Book Review by Heidi Simmons

The Perks of Being a Wallflower
By Stephen Chbosky
A Novel

Last week I reviewed the book The Age of Miracles by Karen Thompson Walker, which I thought might have been better received if it had been published as Young Adult (YA) literature rather than adult fiction. The Perks of Being a Wallflower by Stephen Chbosky (MTV Books, 213 pages) was published as Young Adult and contains themes that are intense and disturbing. Chbosky’s YA is far more disconcerting a tale than Walker’s, even with her setting of impending global doom.

The Perks of Being a Wallflower is the story of Charlie’s coming of age. He writes about his life in letters, though never intended to be mailed, as a form of therapy to an anonymous “Dear Friend.” At first it appears Charlie suffered a psychotic break after he learned that his best friend in middle school committed suicide. After a hospital stay, Charlie writes Dear Friend to explain his feelings and experiences as he begins his freshman year of high school.

Charlie is a precocious boy but is a meek and mild outsider. His parents and siblings don’t understand him, or are afraid and unable to speak to him about his lonely and troubled condition. He maintains fond memories of a favorite aunt who died in a car accident. Seemingly, the aunt is the only one who ever understood him.

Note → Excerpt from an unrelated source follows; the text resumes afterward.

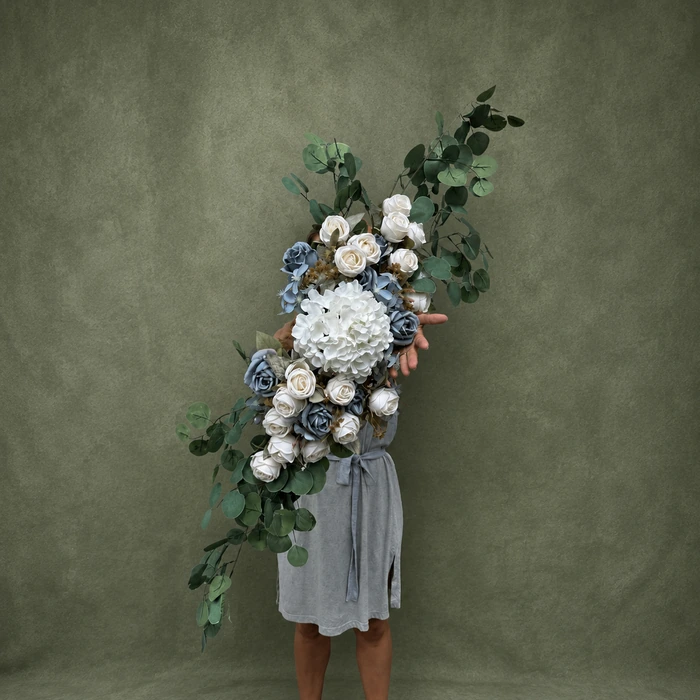 Chained arrangement, blue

Soon he meets eccentric high school seniors, Sam and her stepbrother Patrick. The three quickly connect and become fast friends finding a mutual love for music and literature. They allow Charlie to be a part of their larger clique in and outside of school. Under their influence Charlie is exposed to drugs, sex, homosexuality but most importantly he feels accepted and loved for the first time.

There is significant childhood drama and teenage angst in The Perks of Being a Wallflower. Charlie eventually relapses and the cause of his psychosis is eventually revealed. The vehicle of using letters to tell the story at times is contrived. Author Chbosky often forgets the character is writing a letter and lapses into long conversations and dialogue between characters.

Chbosky begins Charlie’s story in 1991. The book was published in 1999. If it is a reflective memoir, the setting feels more like the culture of the eighties. After years in Hollywood development, Chbosky wrote and directed the film version. (It’s still playing in theaters.) He did an excellent job adapting his book. Chbosky’s film adaptation conveys the theme and tone of the book accurately and effectively.
The American Library Association defines the YA reader age between 12 and 18. Though some studies show that 55 percent of YA readers are over 18. Young Adult novels are as diverse and broad as adult fiction. The majority of YA stories feature an adolescent protagonist that must deal with the problems of youth or the challenges of coming-of-age. A great example of crossover YA success is The Hunger Games Trilogy and the Harry Potter series.

In Walker’s The Age of Miracles, Julia, her young main character, must deal with childhood drama, a life changing experience and a family death — much like Charlie. Both stories are told over the course of a single year. If I were to compare Julia’s experience to that of Charlie’s in The Perks of Being a Wallflower, Charlie’s is far more complicated and dramatic and adult even without a looming catastrophe.

Granted, Julia is 11 and Charlie is 15, which is a significant difference in emotional maturity. But Charlie learns about himself and reflects on his experience. Ultimately Chbosky delivers a lesson about growing up and dealing with the challenges of what it means to become a mature adult. This is something Walker’s character never discovers.

When you choose science fiction, thriller or a mystery book to read, you anticipate what the pages will likely deliver. So how is it that The Age of Miracles is considered adult fiction and The Perks of Being a Wallflower is YA? Likely it has everything to do with the marketing and sales rather than the reading experience. It is my opinion that YA as a genre should be about the age of the protagonist and not about the age of the reader. Young Adult fiction is a significant and important literary genre.